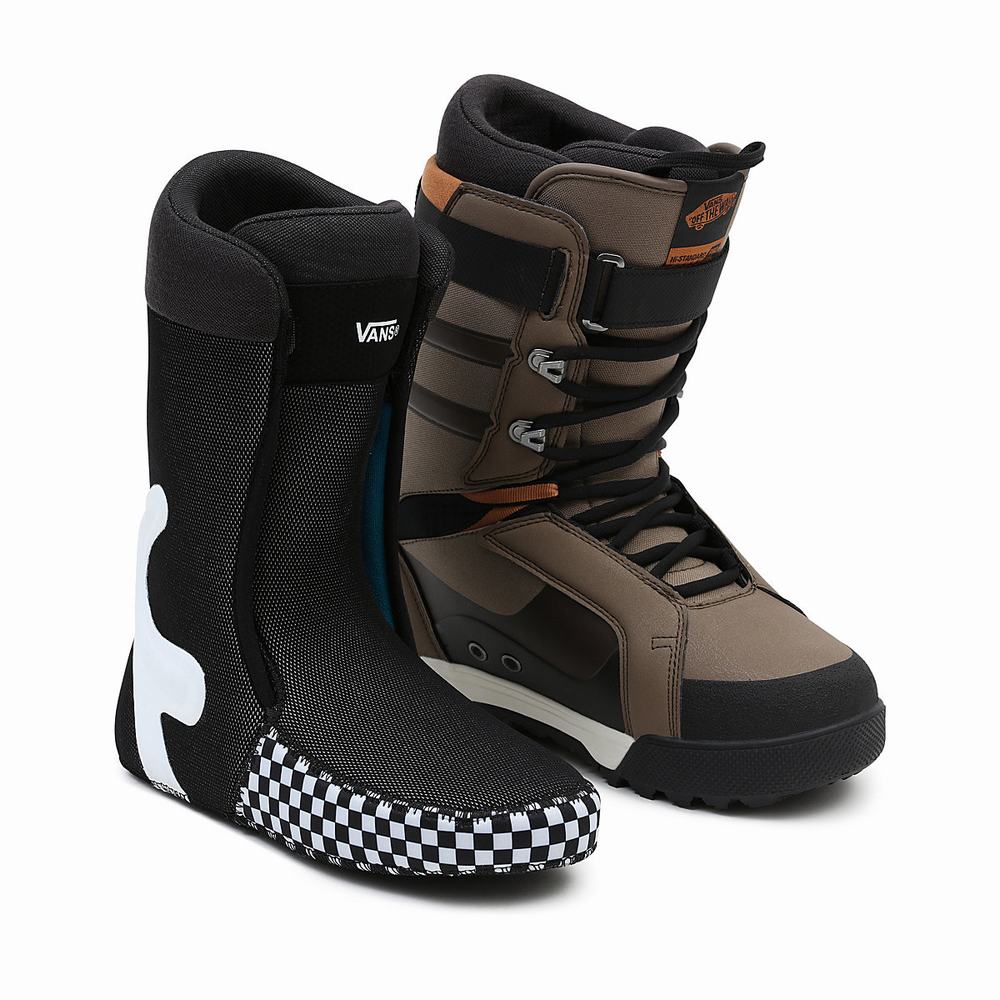 Men's Vans Hi-Standard Pro Snowboard Boots Brown | USA63485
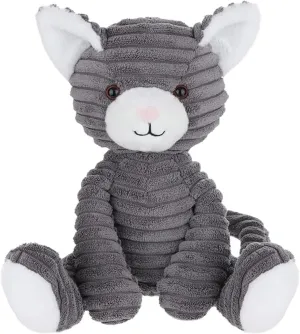 Apricot Lamb Toys Plush Corduroy Cat Kitten Stuffed Animal Soft Cuddly Perfect for Child 8.7 Inches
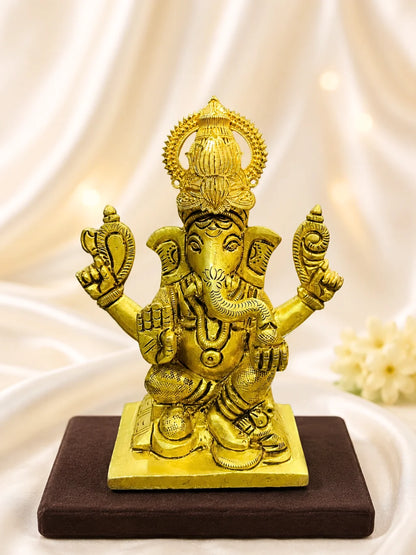 Kamal Kanti Gold Plated Mukut for Deity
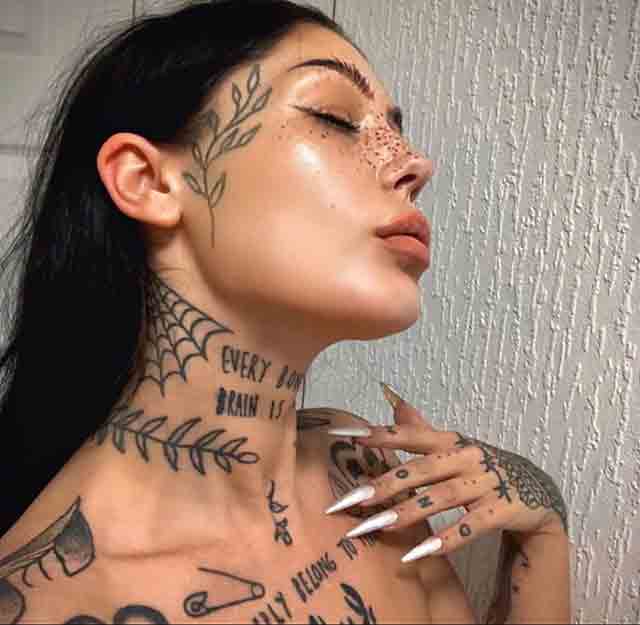 45 EyeCatchy Face Tattoo For Women  Psycho Tats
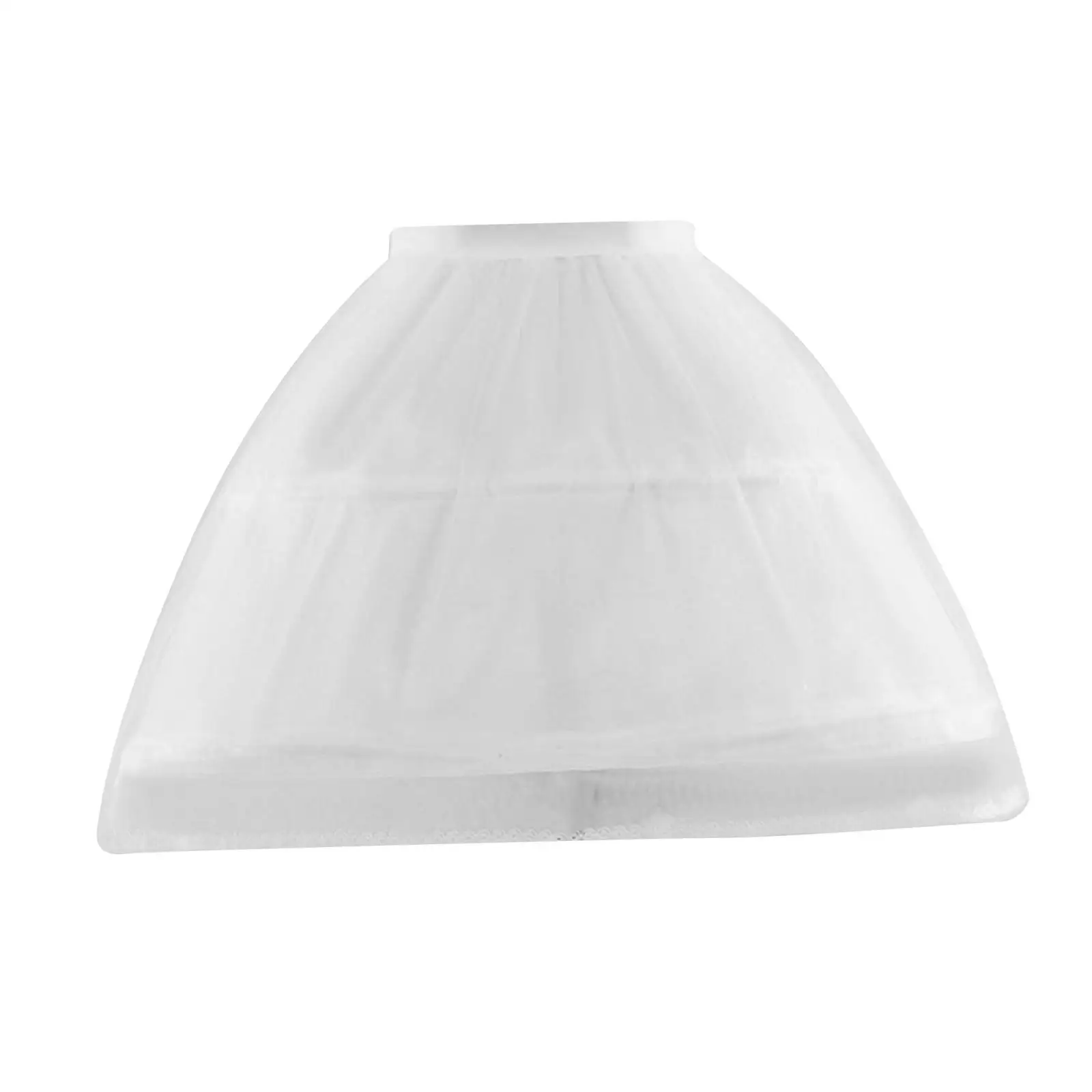 Lolita Costume Women Petticoat Skirt Crinoline Underskirt Tutu Pettiskirt Fishbone Half Slip Vintage Design for Fancy Dress Up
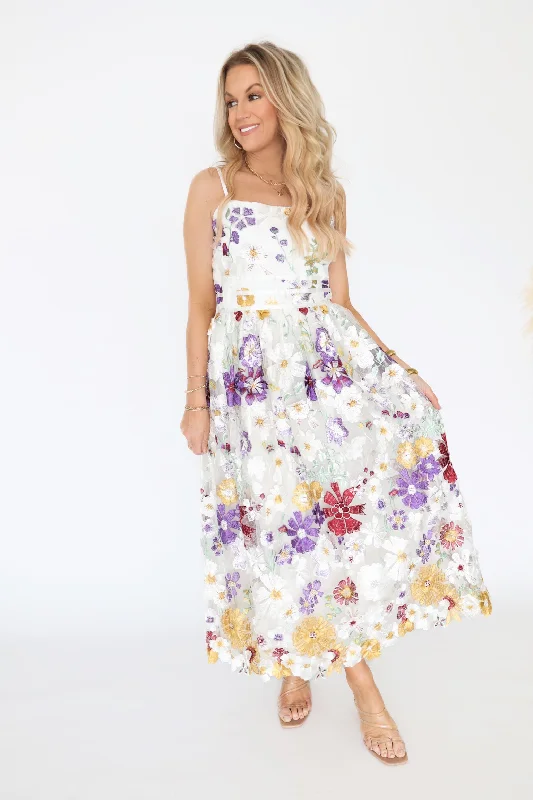 Garden Gate Midi Dress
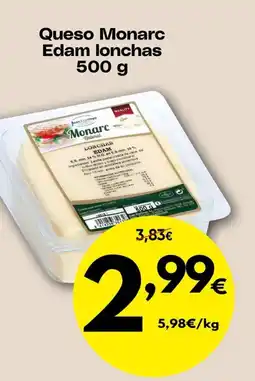 FROIZ Queso Monarc Edam lonchas oferta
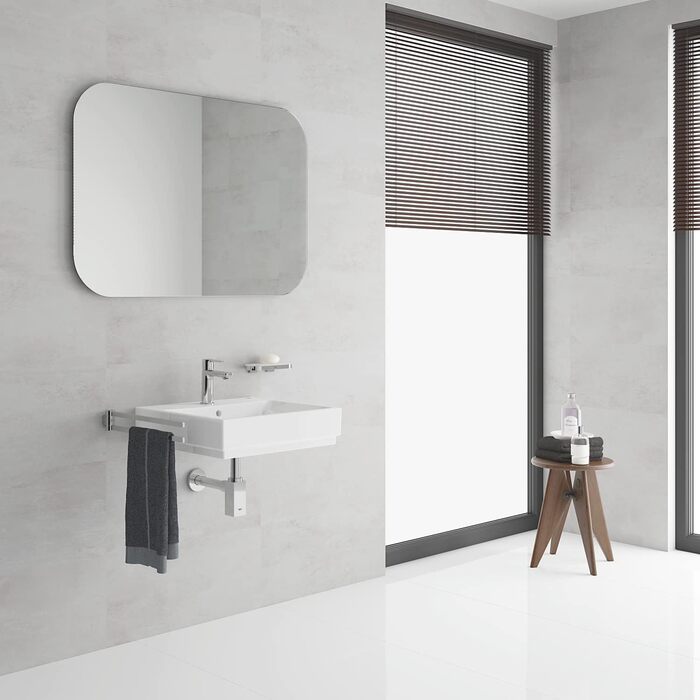 Змішувач для ванної кімнати GROHE Lineare, водозберігаючий, хром, 18 см, XS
..............................
▸ **Problem description**: In your answer, copy exactly the lines running from the line with "Lolita Costume Women" to the end of the material above, both included, and omit all pictures.

▸ **Answer to the problem**:
 Lolita Costume Women Petticoat Skirt Crinoline Underskirt Tutu Pettiskirt Fishbone Half Slip Vintage Design for Fancy Dress Up
 Garden Gate Midi Dress
 FROIZ Queso Monarc Edam lonchas oferta
 Змішувач для ванної кімнати GROHE Lineare, водозберігаючий, хром, 18 см, XS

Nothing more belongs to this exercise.